One Bright Day
The first time George laughed after Fred died it was at a giant spit bubble hanging from little Teddy Lupin’s lips and he had promptly clapped his hands over his mouth and ran from the room.
The next time was months later when Ron had tripped over the rug coming out of the floo and it had been so loud and startling that Ron hadn’t even berated George for laughing at his misfortune.
But laughter was something few and far between until one day when Angelina showed up on his doorstep and dragged him out of their his flat. Laughter that day had been self-deprecating and coarse. But it had been there. And slowly, George started to come back to himself.
With Angelina, there was no pressure to feel like he was fine.

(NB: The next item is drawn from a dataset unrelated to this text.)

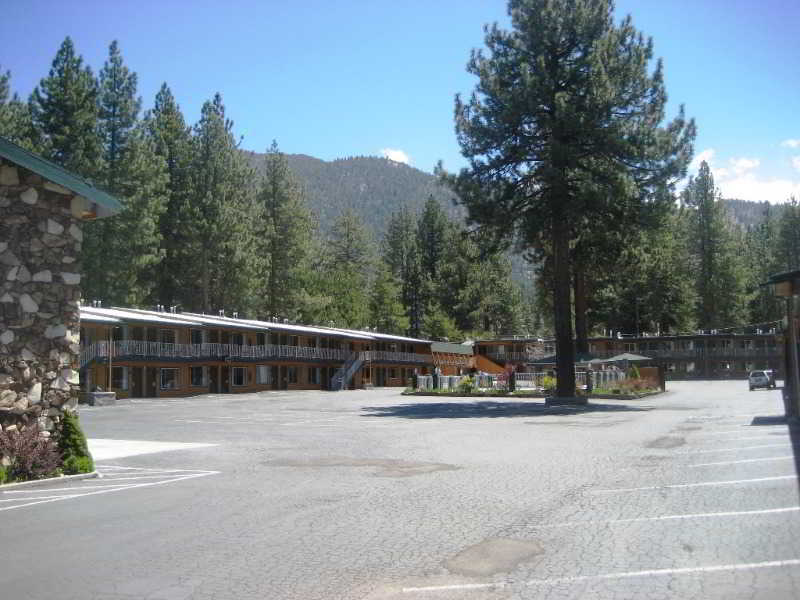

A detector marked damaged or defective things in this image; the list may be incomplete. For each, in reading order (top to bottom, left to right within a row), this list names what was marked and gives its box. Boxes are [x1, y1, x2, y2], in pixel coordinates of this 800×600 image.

cracked asphalt [1, 382, 800, 596]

Because she wasn’t either.
She had loved Fred too.
They each knew how the other felt and so they could just exist together and allow life to wash over them. To allow time to do its thing and smooth the edges of their grief. Some days were harder than others. Some moments were harder than most. But that was what grief was.
A rising tide. A falling swell. It ebbed and flowed until the sea’s weren’t so stormy and the sudden squalls lessened. As the ocean of his grief brightened, his laughter returned. Rolling and rich, rising like gulls that lifted themselves on warm thermals filled with joy.
It was one such bright day that George turned and looked at Angelina with new eyes. The shadows of their shared grief had rescinded far enough that they no longer tainted every moment. That the turbulent open seas had calmed to smooth bays.
It was one such bright day that George laughed and knew he could open his heart and love once more.